Goddard delights in pushing the envelope, and it’s fantastic to see that streak continuing in the first footage of Bad Times at the El Royale. Featuring a hefty ensemble including Chris Hemsworth, Jeff Bridges, Cynthia Erivo, Dakota Johnson and Jon Hamm, El Royale is a stylish visual feast of beautiful people doing ugly things that pack a serious punch. Watch it below:
Unlike Cabin, El Royale is partially informed by elements of real life; possibly an exaggerated portrait of the turmoil of the late 60s. According to Goddard per Entertainment Weekly, he started making El Royale with a simple initial premise: “A bunch of characters check into a hotel on one night in 1969, and nobody is who they appear.”
Goddard questions each character’s morality in El Royale, and has a plethora to choose from: a charismatic cult leader played by Hemsworth, a “priest” played by Bridges, and a… vacuum cleaner salesman played by Hamm?

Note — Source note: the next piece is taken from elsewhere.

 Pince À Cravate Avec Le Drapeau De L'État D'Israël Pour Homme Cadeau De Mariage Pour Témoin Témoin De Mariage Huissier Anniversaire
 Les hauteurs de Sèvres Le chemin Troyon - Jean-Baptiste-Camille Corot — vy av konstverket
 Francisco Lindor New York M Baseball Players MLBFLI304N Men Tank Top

That’s just a small selection of the people involved in this kooky story. Goddard’s EW interview also hints that real-life figures can be expected to appear as well. Overall, the film serves as a platform for his favorite actors to “explode outward” from the word go; a character piece that pits these performers against each other, first and foremost.

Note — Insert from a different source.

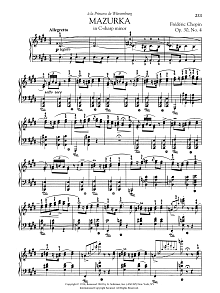 Mazurka in C-sharp minor, Op. 30, No. 4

The self-referential nature of Cabin makes the El Royale premise work because Goddard has the ability to make sharp commentary about the archetypes he employs. The narrative similarities between both films are noticeable too: a group of seemingly very different individuals is locked away in an almost timeless or iconic location, and within it, a minuscule ecosystem of terror builds up as the characters have to decide who to trust. The El Royaletrailer comprises scenes that only present a plethora of questions, effectively amping up our uneasiness.
Furthermore, the trailer stands out the most due to how deceptively lighthearted it seems. In fact, all of Goddard’s directorial efforts are infused with a similar anomalous tone that one can’t help but enjoy. This includes his work on a relatively “pure,” violence-free show like The Good Place, for which he has directed two episodes.
Truly, if there is one show on the air that one would call “peculiar,” The Good Place would for sure be it. Coming from the brilliant, observant mind of Michael Schur, it is one of the most human shows, deceptively simple but simultaneously profound. Real world logic certainly doesn’t apply to the realms of the good and bad place. However, the show is ultimately fueled by lessons learned from accountability — ones that lead us to some sense of understanding. On the surface, The Good Place is adorable and hilarious with characters and ships to die for. But it turns out to be rather confrontational, upending any expectation of feel-good television in the most fulfilling way. Goddard’s initial contribution to The Good Placeset the tone of the entire show into motion; he directed the Pilot before returning to helm the second episode of season 2.
In Cabin, Goddard provided a broad commentary about horror movies by engaging in genre conventions and rendering them absurd and obsolete. In lending his talents to The Good Place, Goddard finds a great medium to exercise his stylistic idiosyncracies in a less violent but similarly outlandish fashion. He definitely seems to have maintained his directorial flair to El Royale. There may not be any overarching thesis statement in the movie. However, given his track record, I’m certain that Goddard will incorporate some moral amidst the chaos of his newest. Now I really can’t wait for his X-Force movie.
Bad Times at the El Royale opens in cinemas on October 5, 2018.